Task description: Only the lines from the one containing "Cleaning 351c connecting rod? #351c" through the end of the material should be printed, exactly as they appear. Leave out pictures.

BEGIN Stored data

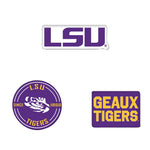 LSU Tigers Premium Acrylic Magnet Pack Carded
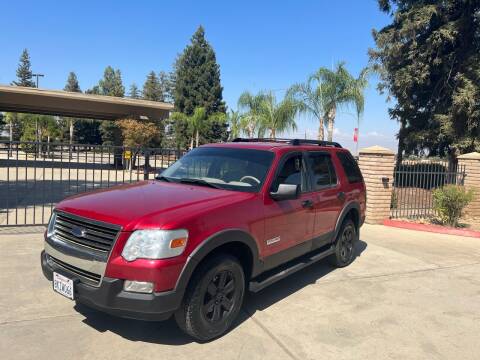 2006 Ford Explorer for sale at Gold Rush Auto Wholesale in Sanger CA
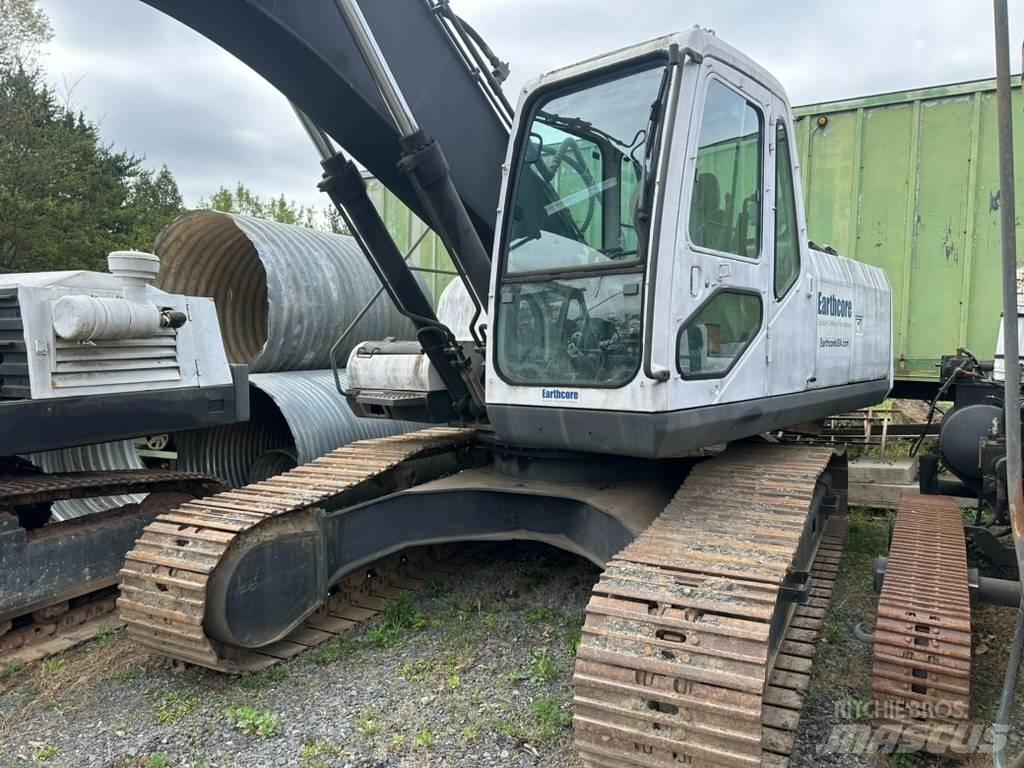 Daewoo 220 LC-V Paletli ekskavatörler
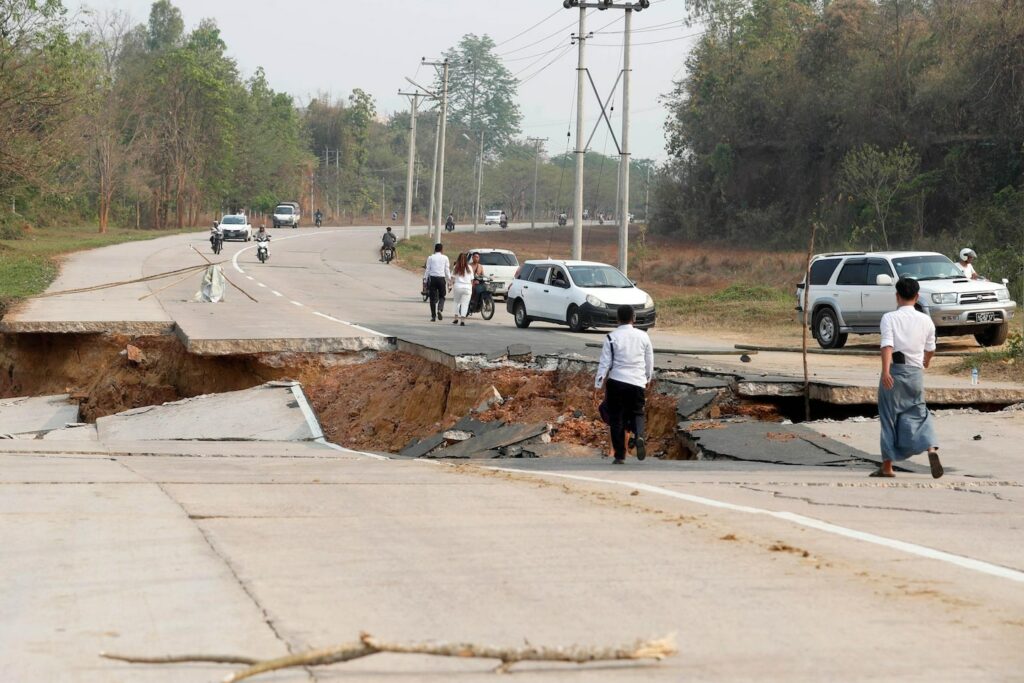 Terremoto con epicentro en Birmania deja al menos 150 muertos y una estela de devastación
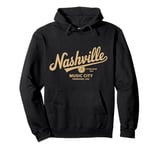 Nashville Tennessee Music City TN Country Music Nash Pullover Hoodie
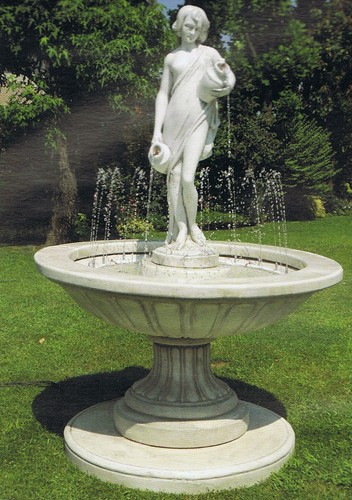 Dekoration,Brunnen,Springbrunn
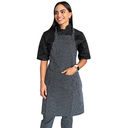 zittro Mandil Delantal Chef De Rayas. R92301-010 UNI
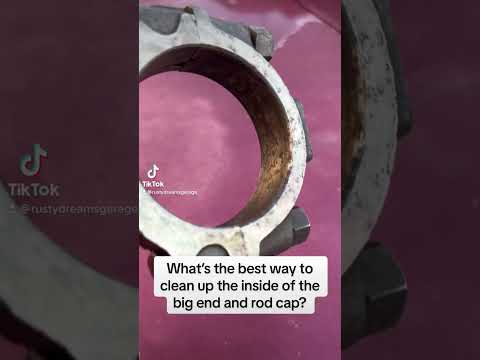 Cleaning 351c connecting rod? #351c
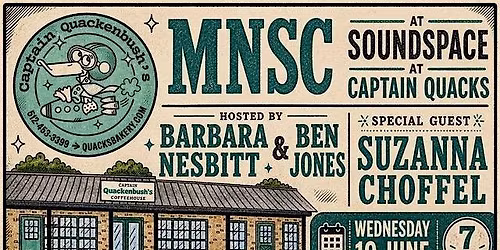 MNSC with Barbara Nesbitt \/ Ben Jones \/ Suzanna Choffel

END Stored data

Reply to the task:
 Cleaning 351c connecting rod? #351c
 MNSC with Barbara Nesbitt \/ Ben Jones \/ Suzanna Choffel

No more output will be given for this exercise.